TASK REQUIREMENTS: Below this line is the material. Write out only its lines from the one containing "Vornamen Mohon" through the one containing "Connecting to Eggplant", both kept, exactly.

[[ RECORDS FOR THIS EXERCISE, beginning ]]

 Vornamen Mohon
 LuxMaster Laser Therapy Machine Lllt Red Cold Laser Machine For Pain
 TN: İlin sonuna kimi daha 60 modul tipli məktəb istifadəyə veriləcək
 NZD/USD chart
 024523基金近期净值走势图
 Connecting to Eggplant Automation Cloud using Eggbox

[[ RECORDS FOR THIS EXERCISE, end ]]
[[ RECORDS FOR THIS EXERCISE, beginning ]]

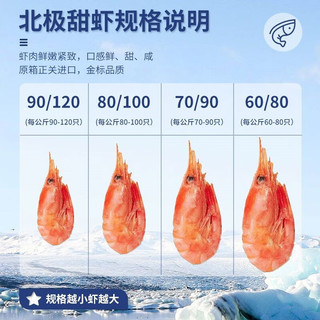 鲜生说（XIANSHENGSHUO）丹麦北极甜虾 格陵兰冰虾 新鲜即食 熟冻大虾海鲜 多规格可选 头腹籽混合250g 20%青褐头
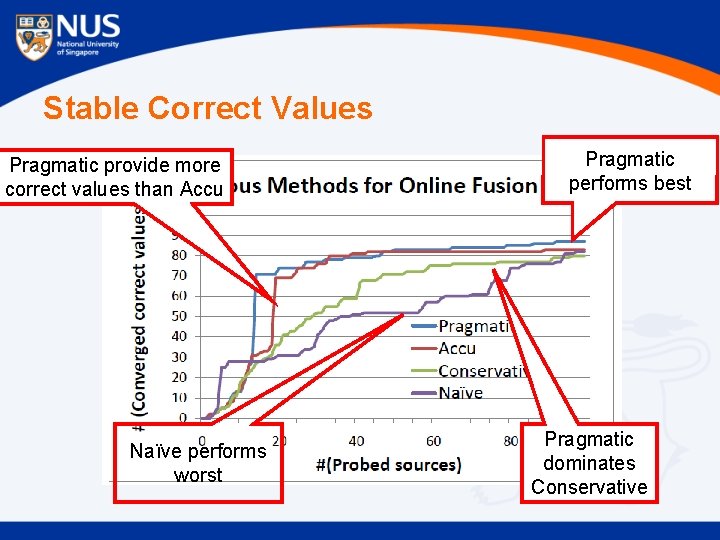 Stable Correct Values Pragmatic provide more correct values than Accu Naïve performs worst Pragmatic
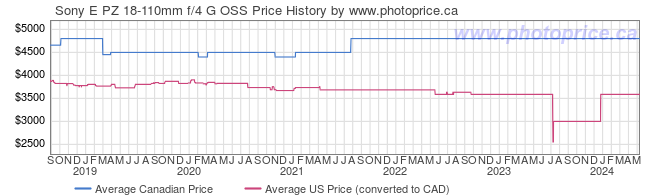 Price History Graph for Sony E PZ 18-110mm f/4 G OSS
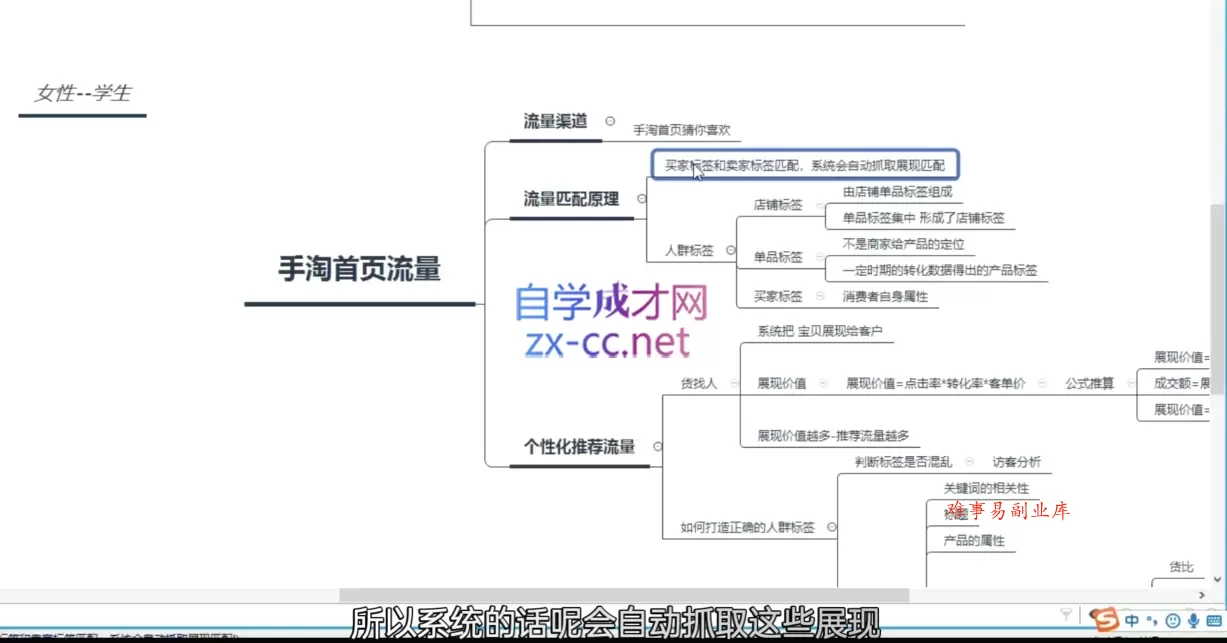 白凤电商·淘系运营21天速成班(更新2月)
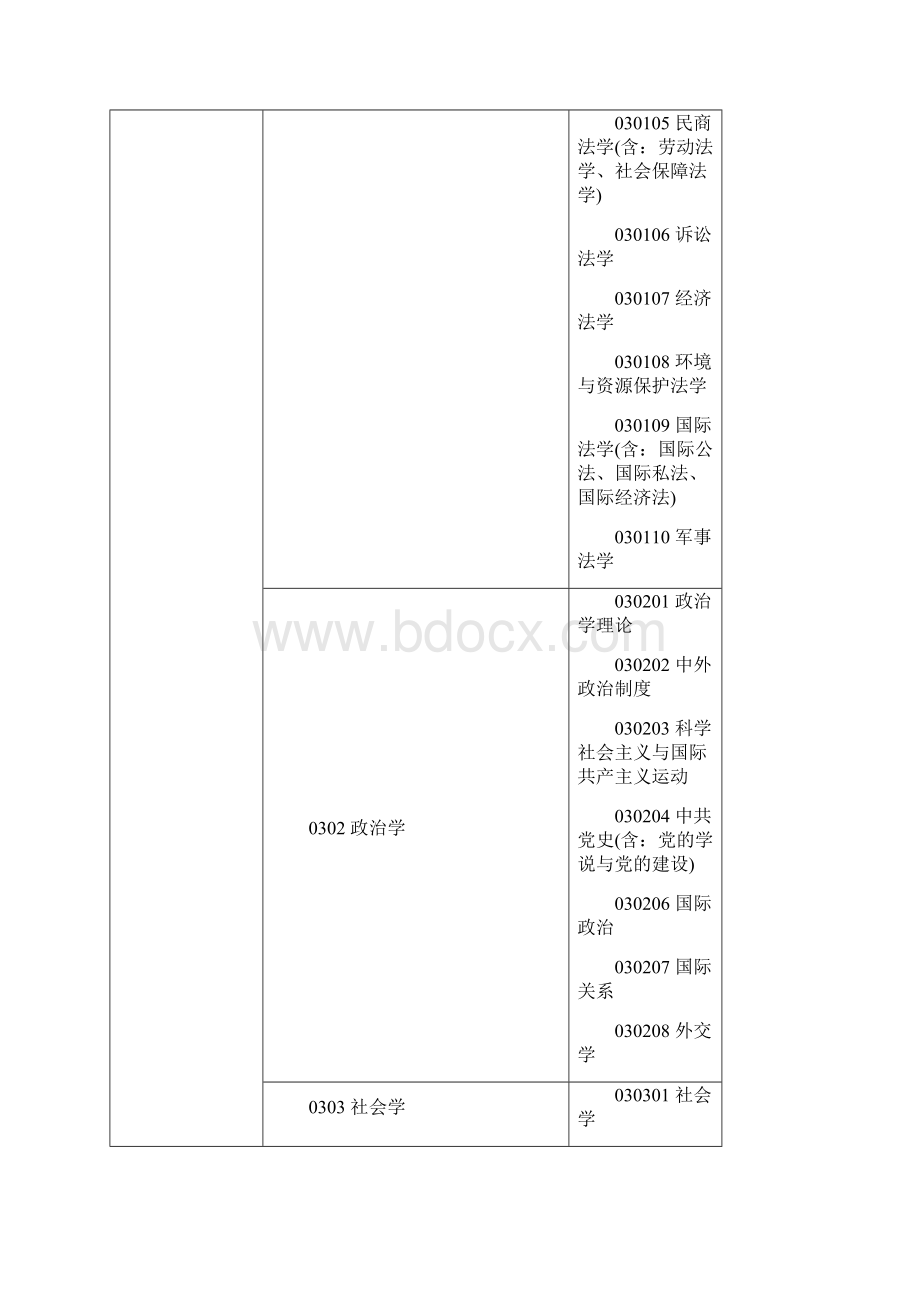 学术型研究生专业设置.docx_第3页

[[ RECORDS FOR THIS EXERCISE, end ]]

TASK RESPONSE:
 Vornamen Mohon
 LuxMaster Laser Therapy Machine Lllt Red Cold Laser Machine For Pain
 TN: İlin sonuna kimi daha 60 modul tipli məktəb istifadəyə veriləcək
 NZD/USD chart
 024523基金近期净值走势图
 Connecting to Eggplant Automation Cloud using Eggbox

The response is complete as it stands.